§ Task to carry out
Print the line that contains "bisonquinze", then every line after it until the entries end, exactly as they read; do not include pictures.

§ Listed records

Segment Open

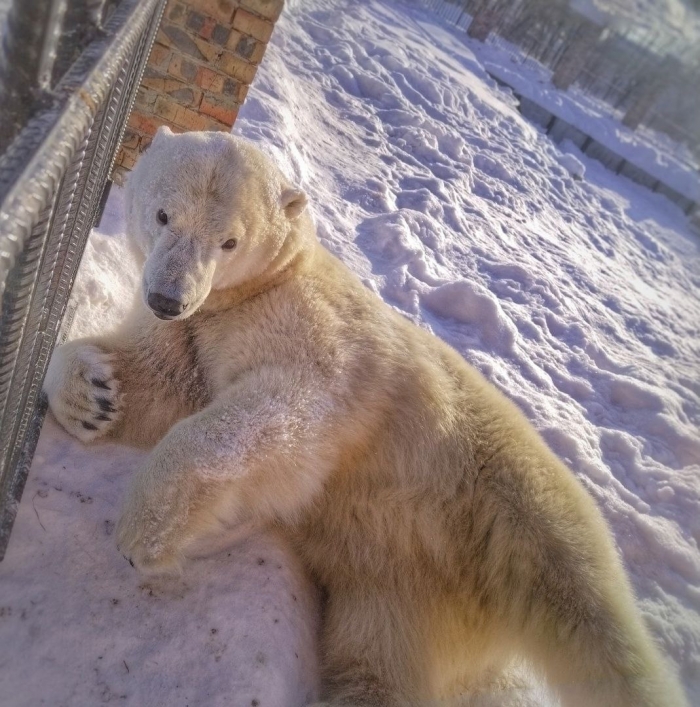 Празднование Масленицы и Дня полярного медведя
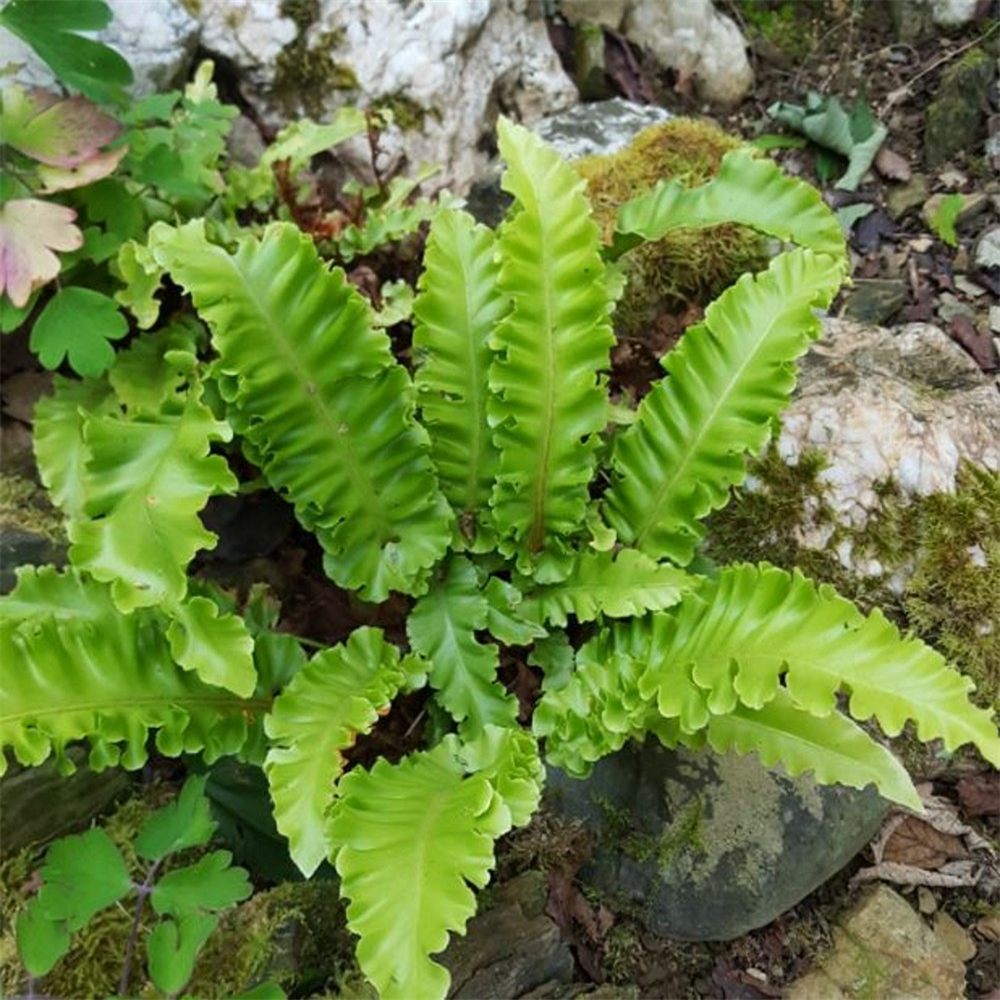 Asplenium scolopendrium Undulatum Group | Farmyard Nurseries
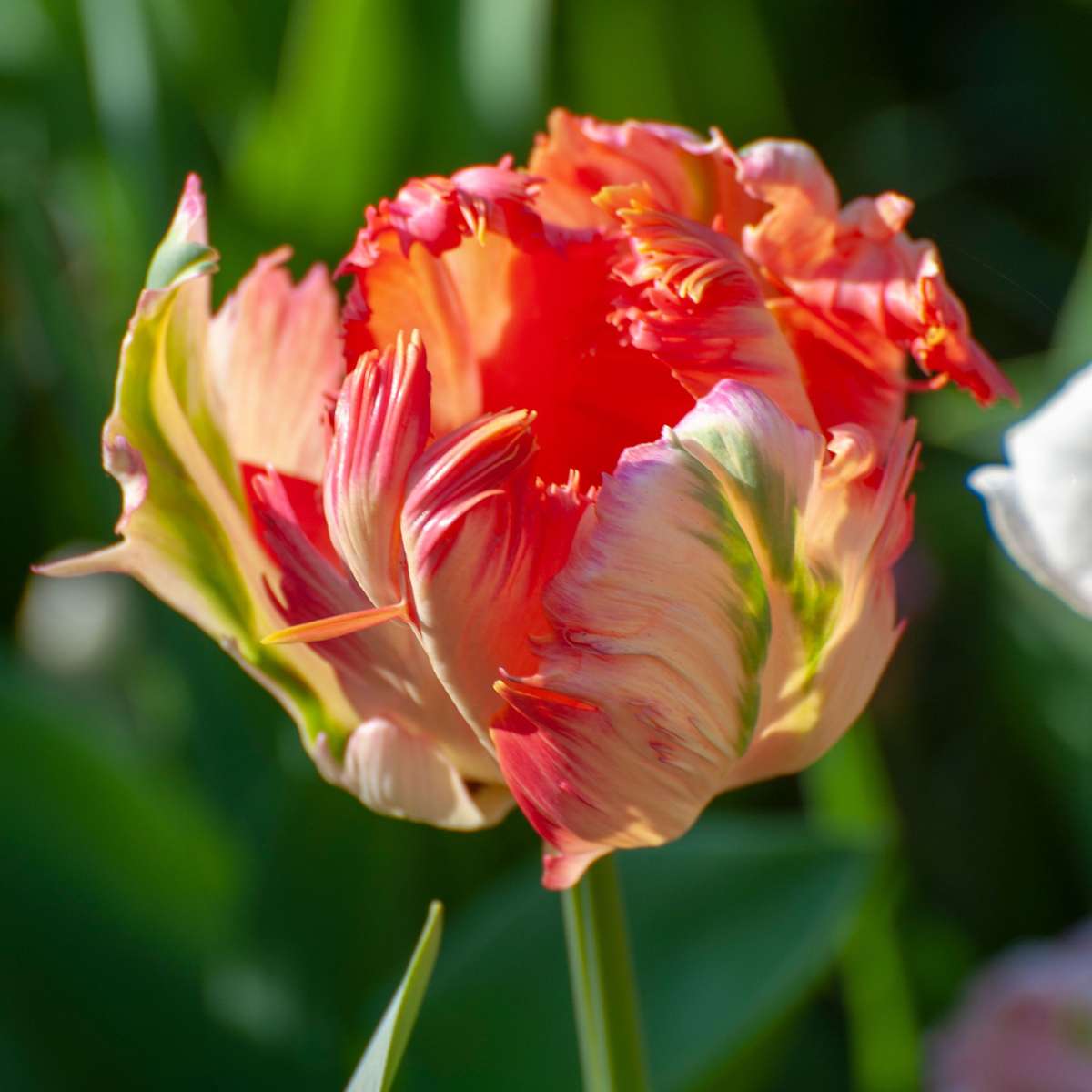 Tulip bulbs - 21 pcs. - Tulipa 'Apricot Parrot' - Flower Bulbs - Pink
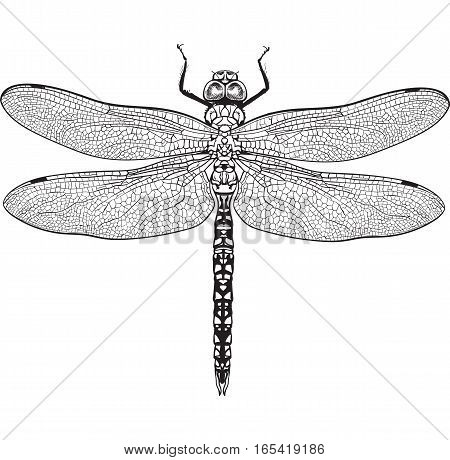 Top view of blue dragonfly with transparent wings, sketch illustration isolated on white background. black and white Realistic hand drawing of dragonfly insect on white background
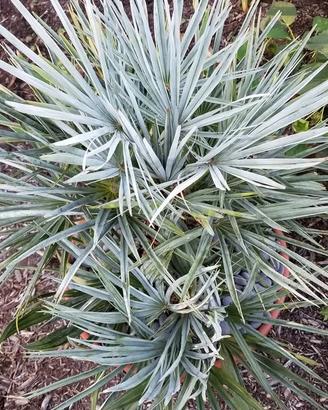 Palma Chamaerops Cerifera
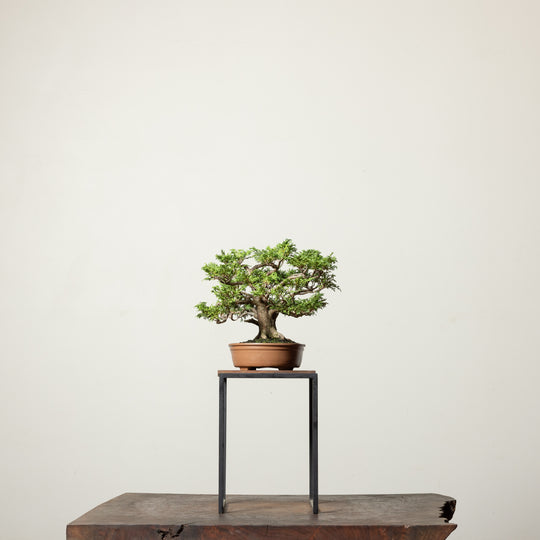 Tsukomo Cypress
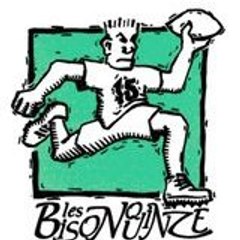 bisonquinze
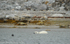 Polar bear and seal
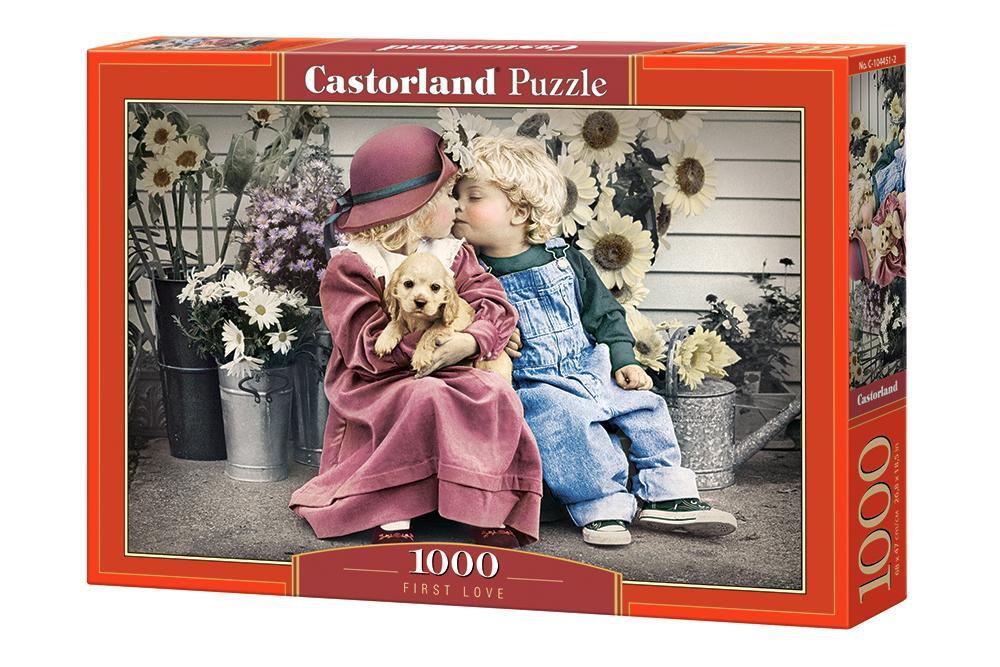 Пазли Castorland 1000 Перше кохання 68x47 см (MTT-106044)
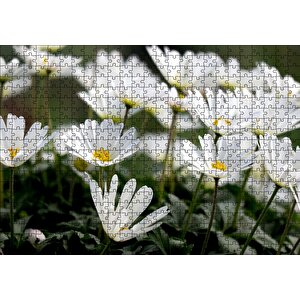 Taçlı Beyaz Dağ Laleleri Yakın Çekim Puzzle Yapboz Mdf Ahşap 500 Parça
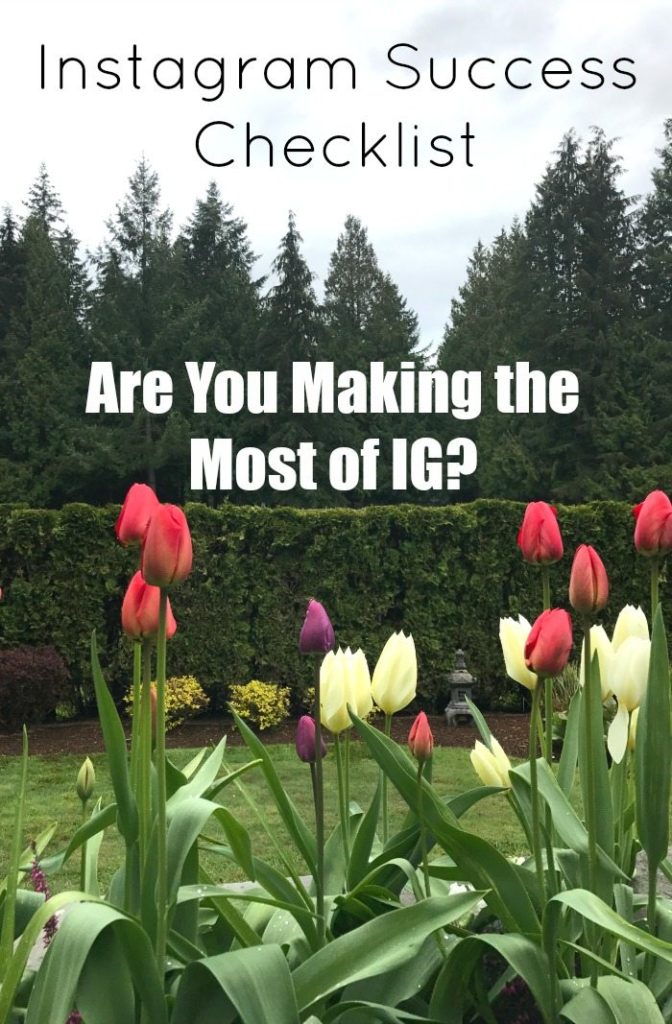 Instagram questionnaire checklist for success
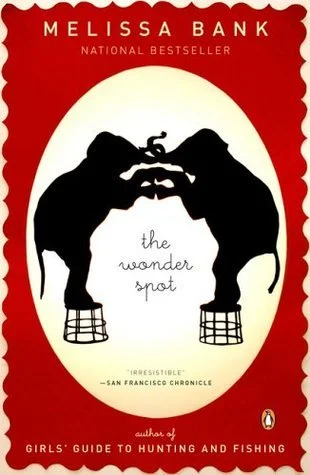 Featured image for Resumen de "The Wonder Spot" por Melissa Bank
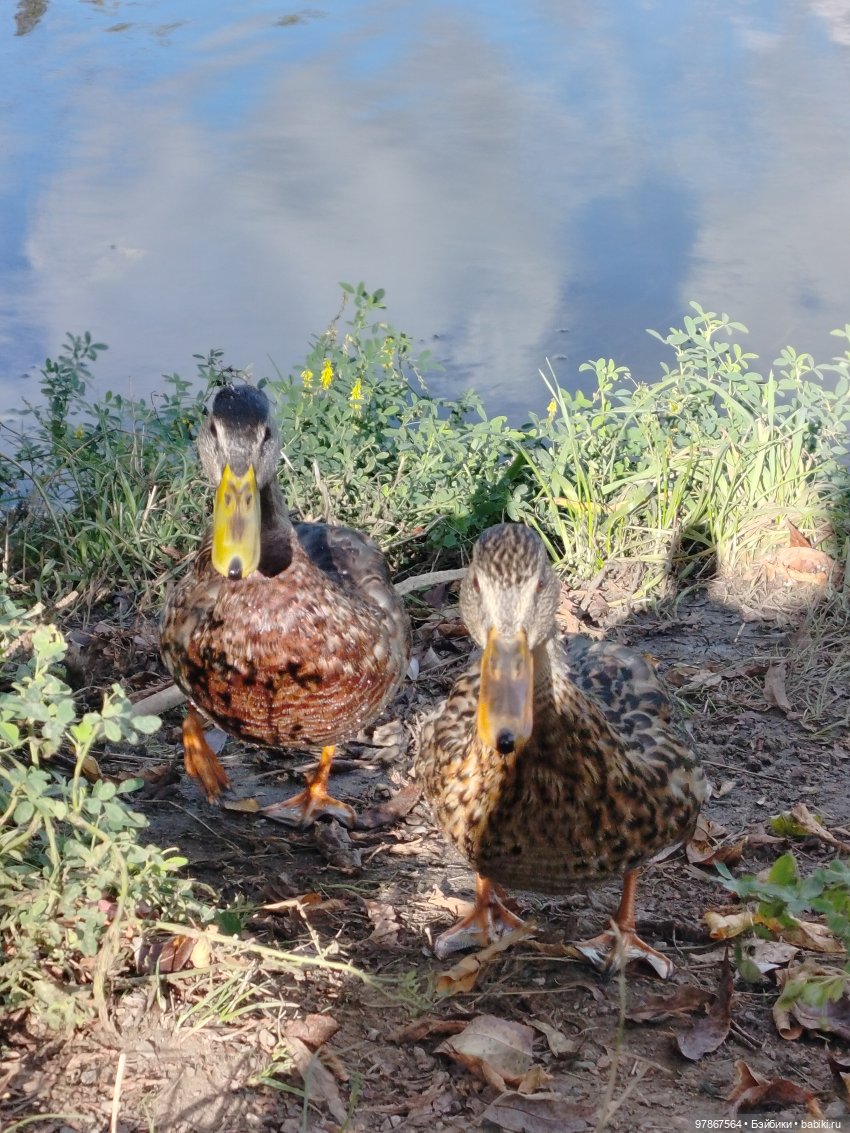 В гости к уткам! Часть 2 — Куклы Zwergnase (Цвергназе/Цверги): фото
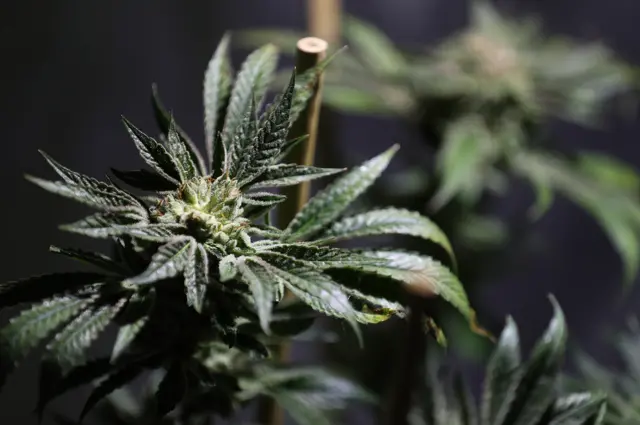 Marihuana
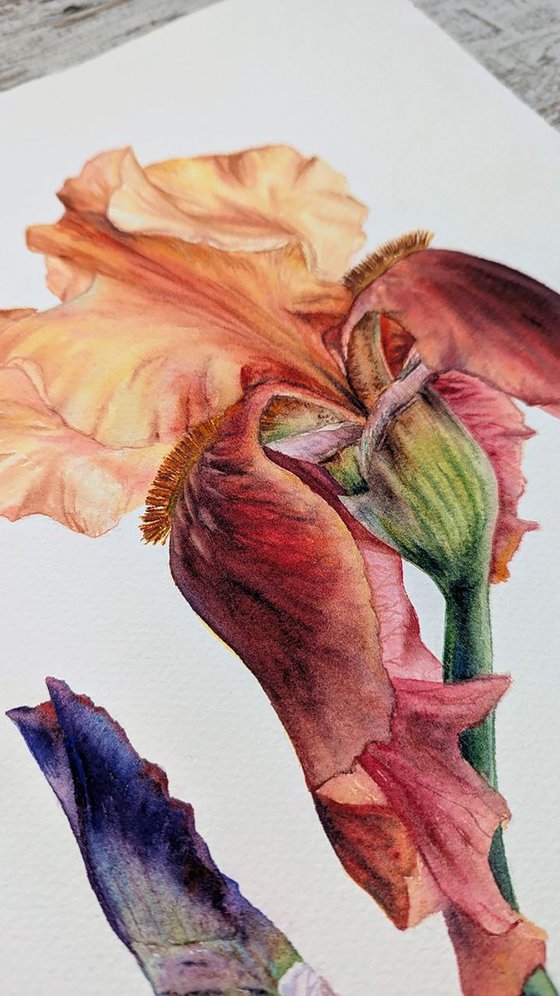 The Conversation of Buds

Segment Closed

§ Response to the task
 bisonquinze
 Polar bear and seal
 Пазли Castorland 1000 Перше кохання 68x47 см (MTT-106044)
 Taçlı Beyaz Dağ Laleleri Yakın Çekim Puzzle Yapboz Mdf Ahşap 500 Parça
 Instagram questionnaire checklist for success
 Featured image for Resumen de "The Wonder Spot" por Melissa Bank
 В гости к уткам! Часть 2 — Куклы Zwergnase (Цвергназе/Цверги): фото
 Marihuana
 The Conversation of Buds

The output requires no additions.